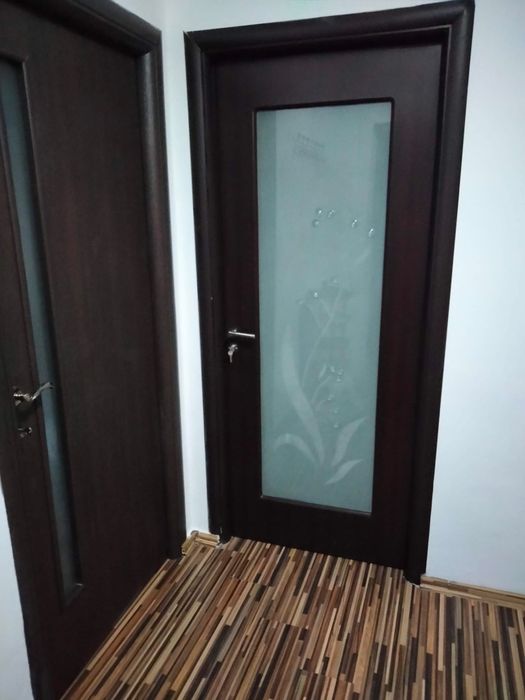 Inchiriez apartament 3 camere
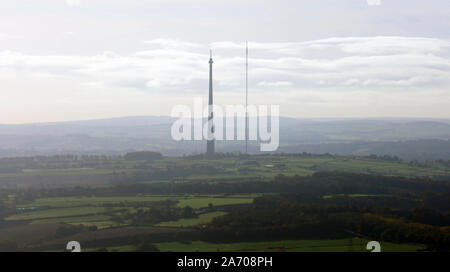 Vista aerea del Emley Moor stazione trasmittente vicino a Huddersfield, West Yorkshire, Regno Unito Foto Stock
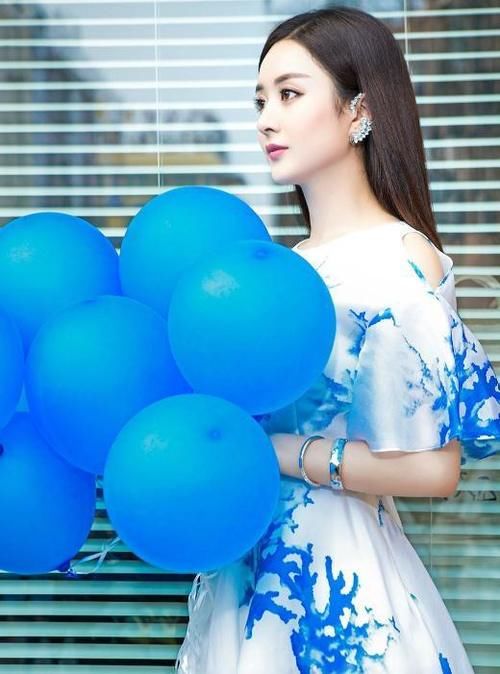  新造型|赵丽颖《中餐厅》新造型面世，这满满的少女感，真的是生过孩子吗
++++++
Problem requirements
Everything from the line with "Vista aerea del" through the end of the listing above, both ends included, should be set down exactly; copy nothing else, and skip the pictures.

Task result
 Vista aerea del Emley Moor stazione trasmittente vicino a Huddersfield, West Yorkshire, Regno Unito Foto Stock
  新造型|赵丽颖《中餐厅》新造型面世，这满满的少女感，真的是生过孩子吗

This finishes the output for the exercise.